Commonwealth Theaters
- Industry: Entertainment (movie theatres)
- Fate: Acquired by United Artists Communications
- Headquarters: Kansas City, Missouri

= Commonwealth Theaters =

Movie theater chain

Commonwealth Theaters, Inc. was a movie theater chain based in Kansas City, Missouri, USA.

==History==
In 1936, Commonwealth purchased its headquarters in downtown Kansas City, part of a "film row" that hosted several regional film distribution companies.

In 1983, Commonwealth went private through a merger with CMN Capital Corp. By 1984, Commonwealth was reported to be one of the largest movie theater chains in the country, with over 400 screens in 14 states.

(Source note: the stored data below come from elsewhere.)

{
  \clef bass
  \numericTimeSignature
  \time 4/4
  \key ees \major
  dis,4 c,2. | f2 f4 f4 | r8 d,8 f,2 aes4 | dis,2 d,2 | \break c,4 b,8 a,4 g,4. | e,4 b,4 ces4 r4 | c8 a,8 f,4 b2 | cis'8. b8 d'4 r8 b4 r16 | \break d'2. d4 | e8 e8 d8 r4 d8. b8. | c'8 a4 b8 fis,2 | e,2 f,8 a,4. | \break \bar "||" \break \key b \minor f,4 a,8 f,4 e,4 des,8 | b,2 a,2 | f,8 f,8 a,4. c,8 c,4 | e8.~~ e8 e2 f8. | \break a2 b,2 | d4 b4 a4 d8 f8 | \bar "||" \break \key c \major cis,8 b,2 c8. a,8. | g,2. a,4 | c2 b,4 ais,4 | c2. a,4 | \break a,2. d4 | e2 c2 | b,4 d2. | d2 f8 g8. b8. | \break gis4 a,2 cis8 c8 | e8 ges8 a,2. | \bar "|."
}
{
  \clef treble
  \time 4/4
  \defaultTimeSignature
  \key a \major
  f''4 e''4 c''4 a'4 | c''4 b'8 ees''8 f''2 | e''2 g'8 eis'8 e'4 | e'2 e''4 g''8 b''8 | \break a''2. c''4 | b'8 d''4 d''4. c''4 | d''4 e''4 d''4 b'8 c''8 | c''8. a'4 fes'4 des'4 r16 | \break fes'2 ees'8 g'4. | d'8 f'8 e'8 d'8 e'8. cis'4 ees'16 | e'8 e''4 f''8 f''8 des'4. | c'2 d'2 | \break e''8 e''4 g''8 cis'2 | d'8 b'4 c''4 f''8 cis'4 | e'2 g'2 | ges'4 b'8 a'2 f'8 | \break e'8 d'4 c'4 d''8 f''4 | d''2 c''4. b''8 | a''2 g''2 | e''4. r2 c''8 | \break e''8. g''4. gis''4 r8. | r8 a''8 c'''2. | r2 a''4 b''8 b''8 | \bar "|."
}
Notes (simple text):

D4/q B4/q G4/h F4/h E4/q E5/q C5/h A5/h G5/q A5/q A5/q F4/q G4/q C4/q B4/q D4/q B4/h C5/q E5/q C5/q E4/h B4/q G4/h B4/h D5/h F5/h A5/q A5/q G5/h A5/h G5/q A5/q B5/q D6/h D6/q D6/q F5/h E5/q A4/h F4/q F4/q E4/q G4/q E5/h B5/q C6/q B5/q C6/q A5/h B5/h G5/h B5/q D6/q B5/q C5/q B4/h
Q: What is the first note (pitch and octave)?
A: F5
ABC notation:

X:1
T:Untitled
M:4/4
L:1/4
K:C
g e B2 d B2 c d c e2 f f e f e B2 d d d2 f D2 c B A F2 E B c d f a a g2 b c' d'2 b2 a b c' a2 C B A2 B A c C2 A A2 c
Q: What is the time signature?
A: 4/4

===Cannon and United Artists===
Film production company Cannon Group announced in 1986 that it had agreed to purchase Commonwealth for $25 million in cash plus the assumption of $50 to $60 million in debt. At this time, Commonwealth was the sixth-largest theater chain in the country, comprising 425 screens in 12 states, with plans to open 70 more screens that year. Within six months, Cannon ran into serious financial problems. These problems led to Renta Immobiliarla S.A., a Spanish-based group controlled by Italian financier Giancarlo Parretti, acquiring a significant stake in Cannon, and Cannon put Commonwealth up for sale. Renta subsequently acquired complete control of Commonwealth in January 1988. One month later, Renta announced the formation of a joint venture with United Artists Theatres, a theater chain then controlled by Tele-Communications Inc. Under the terms of the joint venture, each party would control 50% of Commonwealth. Later press reports characterize the transfer of ownership as a purchase by United Artists, rather than a joint venture.

By 1991, the downtown Kansas City headquarters building had closed. United Artists reportedly sold off many former Commonwealth screens on a market-by-market basis.